VI. The Treasure of God, P 8
8 There is no question but one you should ever ask of yourself;-“Do I want to know my Father’s Will for me?” He will not hide it. He has revealed it to me because I asked it of Him, and learned of what He had already given. Our function is to work together, because apart from each other we cannot function at all. The whole power of God’s Son lies in all of us, but not in any of us alone. God would not have us be alone because He does not will to be alone. That is why He created His Son, and gave him the power to create with Him. Our creations are as holy as we are, and we are the Sons of God Himself, as holy as He is. Through our creations we extend our love, and thus increase the joy of the Holy Trinity. You do not understand this, because you who are God’s Own treasure do not regard yourself as valuable. Given this belief, you cannot understand anything.
Oh my, this is such a different vision of me than I had this morning. I had a very strong ego backlash last night and I felt anything other than God’s own treasure. This morning I had an ego hangover and that didn’t help. I didn’t waste my time trying to figure out why I felt like that. Any story I came up with would be an effect of a belief, not the cause of my reaction.

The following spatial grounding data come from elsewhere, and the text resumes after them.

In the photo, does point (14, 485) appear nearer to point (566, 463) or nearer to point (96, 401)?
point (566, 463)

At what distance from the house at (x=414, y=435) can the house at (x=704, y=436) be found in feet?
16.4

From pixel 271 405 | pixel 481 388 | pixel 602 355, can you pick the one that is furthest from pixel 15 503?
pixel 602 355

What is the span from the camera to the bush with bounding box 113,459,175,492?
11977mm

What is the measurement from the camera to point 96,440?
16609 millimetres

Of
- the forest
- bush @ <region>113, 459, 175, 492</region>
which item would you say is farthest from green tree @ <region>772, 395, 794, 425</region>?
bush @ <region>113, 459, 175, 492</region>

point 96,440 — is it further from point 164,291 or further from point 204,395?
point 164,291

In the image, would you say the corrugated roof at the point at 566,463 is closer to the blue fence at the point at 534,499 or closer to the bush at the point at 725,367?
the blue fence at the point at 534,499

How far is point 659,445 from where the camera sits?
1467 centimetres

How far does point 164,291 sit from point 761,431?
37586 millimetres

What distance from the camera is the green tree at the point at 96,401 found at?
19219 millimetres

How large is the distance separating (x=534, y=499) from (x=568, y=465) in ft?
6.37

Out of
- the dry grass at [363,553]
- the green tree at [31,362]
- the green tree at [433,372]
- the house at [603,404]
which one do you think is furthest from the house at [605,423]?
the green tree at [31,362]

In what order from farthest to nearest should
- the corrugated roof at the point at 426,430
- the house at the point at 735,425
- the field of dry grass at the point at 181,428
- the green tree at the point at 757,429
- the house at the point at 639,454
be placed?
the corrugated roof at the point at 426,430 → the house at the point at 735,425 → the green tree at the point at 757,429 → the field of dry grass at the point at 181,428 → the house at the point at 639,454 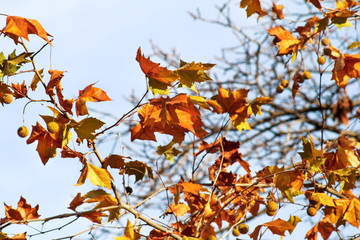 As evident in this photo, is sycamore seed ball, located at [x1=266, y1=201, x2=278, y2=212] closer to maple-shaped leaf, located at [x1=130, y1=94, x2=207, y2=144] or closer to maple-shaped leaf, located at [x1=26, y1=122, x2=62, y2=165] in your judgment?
maple-shaped leaf, located at [x1=130, y1=94, x2=207, y2=144]

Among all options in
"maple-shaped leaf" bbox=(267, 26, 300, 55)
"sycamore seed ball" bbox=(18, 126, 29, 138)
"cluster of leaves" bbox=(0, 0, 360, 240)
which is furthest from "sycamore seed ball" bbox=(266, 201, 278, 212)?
"sycamore seed ball" bbox=(18, 126, 29, 138)

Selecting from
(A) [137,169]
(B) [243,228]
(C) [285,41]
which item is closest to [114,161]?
(A) [137,169]

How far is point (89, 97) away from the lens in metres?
1.56

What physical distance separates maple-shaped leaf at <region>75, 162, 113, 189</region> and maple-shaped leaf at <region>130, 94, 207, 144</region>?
0.23 metres

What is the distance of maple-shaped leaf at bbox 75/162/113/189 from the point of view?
1.54 metres

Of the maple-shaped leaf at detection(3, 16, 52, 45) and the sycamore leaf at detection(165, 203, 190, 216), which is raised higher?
the maple-shaped leaf at detection(3, 16, 52, 45)

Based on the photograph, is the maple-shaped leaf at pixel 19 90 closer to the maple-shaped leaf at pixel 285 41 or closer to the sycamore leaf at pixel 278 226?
the sycamore leaf at pixel 278 226

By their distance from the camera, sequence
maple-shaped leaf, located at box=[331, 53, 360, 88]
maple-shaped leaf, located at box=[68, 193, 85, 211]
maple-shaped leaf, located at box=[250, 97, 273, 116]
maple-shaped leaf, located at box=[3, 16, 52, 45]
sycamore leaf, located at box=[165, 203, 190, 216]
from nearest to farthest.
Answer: maple-shaped leaf, located at box=[3, 16, 52, 45], maple-shaped leaf, located at box=[68, 193, 85, 211], maple-shaped leaf, located at box=[250, 97, 273, 116], sycamore leaf, located at box=[165, 203, 190, 216], maple-shaped leaf, located at box=[331, 53, 360, 88]

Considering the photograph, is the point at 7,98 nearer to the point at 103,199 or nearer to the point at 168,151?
the point at 103,199

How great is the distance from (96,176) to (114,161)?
5.7 inches

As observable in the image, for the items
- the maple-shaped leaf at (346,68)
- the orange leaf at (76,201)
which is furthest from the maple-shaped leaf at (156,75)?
the maple-shaped leaf at (346,68)

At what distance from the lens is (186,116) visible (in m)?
1.62

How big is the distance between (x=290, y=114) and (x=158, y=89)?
494 cm

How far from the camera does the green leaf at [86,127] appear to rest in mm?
1515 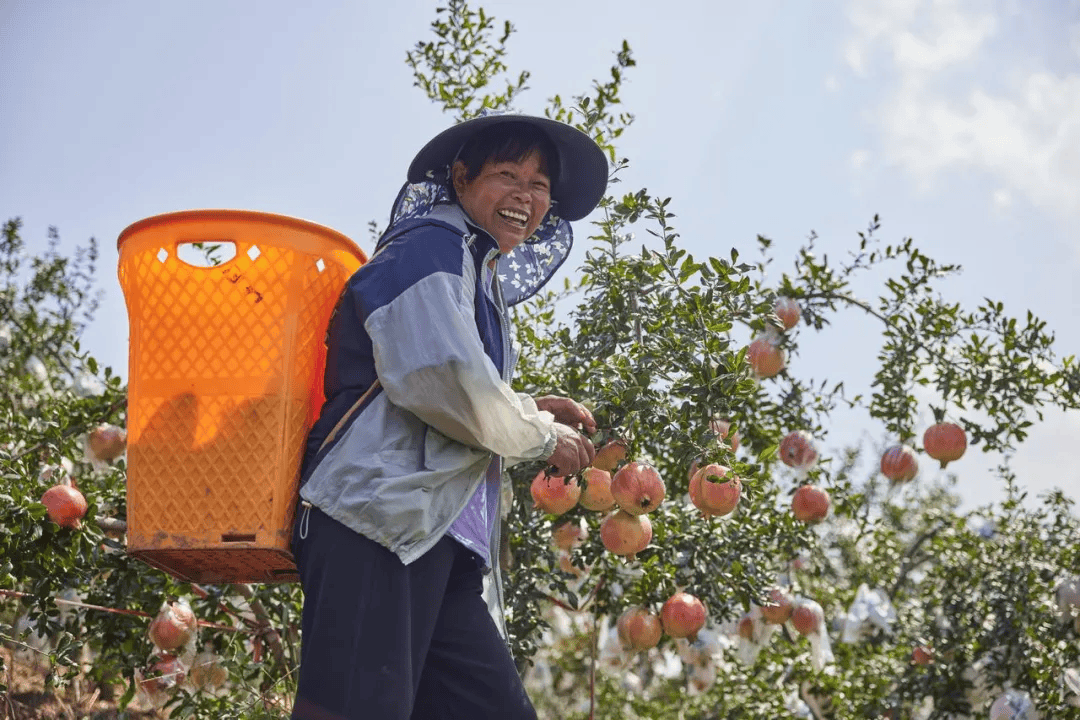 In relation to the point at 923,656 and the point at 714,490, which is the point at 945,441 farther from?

I know that I am waking up and the ego part of the mind wants to stay in the dream. That’s all that is happening, but even so, it is hard to hold onto the truth. I wasn’t going to do this work with Spirit this morning because I didn’t think I could, but of course, that is the most important time to work with Spirit, when I think I can’t.
An effect of ego resistance is often lethargy for me and I felt like going back to bed and going to sleep, but I had to get to work so I resisted. However, I felt very strongly to use a HemiSync meditation for sleep. It seemed crazy to me but I felt like I just had to do this. What happened is that as I completely relaxed and let go of everything, I opened to Spirit. I began by just saying the name of God knowing that when I do, the angels surround me.
In 30 minutes I felt to get up and was relieved to see that my mind was clear and I felt my normal happy self. It feels so comforting to know that I am not alone. When I need help, I receive it. All I have to do is open to the help. It is easier now for me to accept that I am not what I see in this world. This is an experience, not reality.
My reality is so different from this self that I am experiencing that I have to trust that what Jesus says is true. I don’t remember being holy. I don’t remember feeling like God’s holy Son. And I certainly don’t remember my creations. I don’t feel valuable. But I trust Jesus and there must be some memory in me, buried deeply, but still there. Otherwise why would I even trust that these words come from Jesus?
And yet, I do, and because I do, and because I practice what is given me to practice, I witness this incredible change as I awaken. This Course must be true because I have become a different person through doing it. Something fundamental is shifting in me and I am becoming aware of it. Maybe that is why the ego is pushing against it so hard. The part of the mind that thinks this world is a good idea must be seriously worried. It should be.